Mike Holling, executive director at the Craft Bakers Association said: "I was very disappointed when I saw he had given them up, at the end of the day this doesn’t help the bakers in the Devon and Cornwall area at all, it’s negative publicity.
"My question is, what will he give up next? I wait with bated breath."
In the pasty tax controversy of 2012, Cameron publicly announced his love of the Cornish bake, saying, “I am a pasty-eater myself. I go to Cornwall on holiday. I love a hot pasty.” Despite this, he continued to defend the decision to slap VAT on all sales of the hot snack.

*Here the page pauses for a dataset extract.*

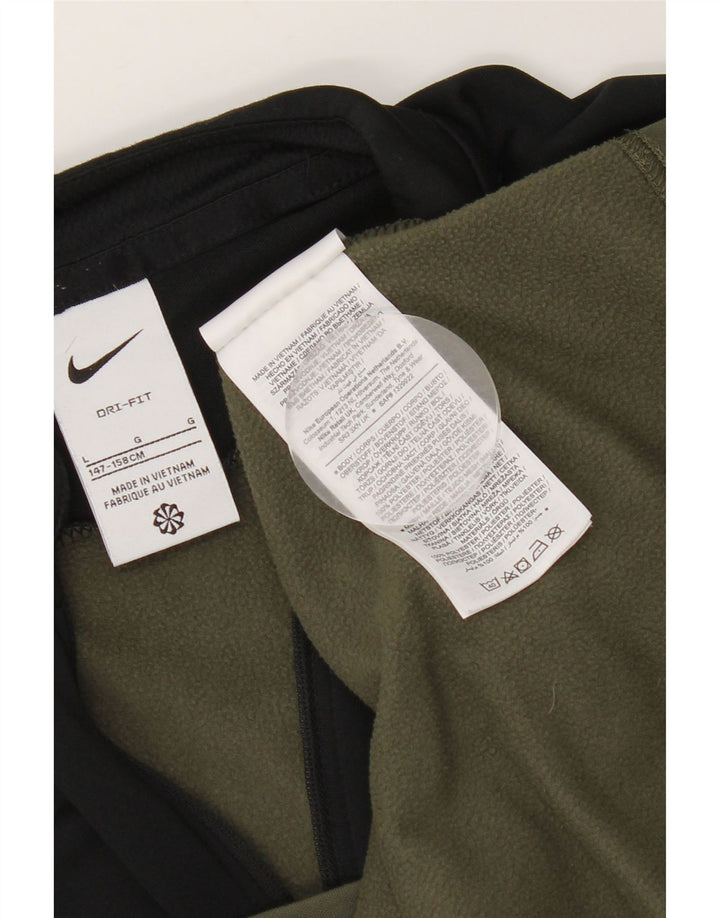 Chłopięcy dres Nike Dri Fit z pulowerem 12-13 lat, duży, zielony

Cameron’s latest diet move comes after he told BBC Radio Sussex he was ‘off bread’ at the moment. Following this, British Baker fired up the #WeLoveBread campaign, encouraging bakers to promote the loaf and defend the common misconception that bread is bad for you.
Baking industry bodies have responded by writing letters to Cameron, questioning his decision to give up bread and pointing out the benefits of eating it as part of a balanced diet.
The #WeLoveBread campaign has so far drummed up support for the loaf on social media, by encouraging bakers to tweet which recipes and special loaves they are selling at the moment, each Friday, with the hashtag #LoveBreadFriday.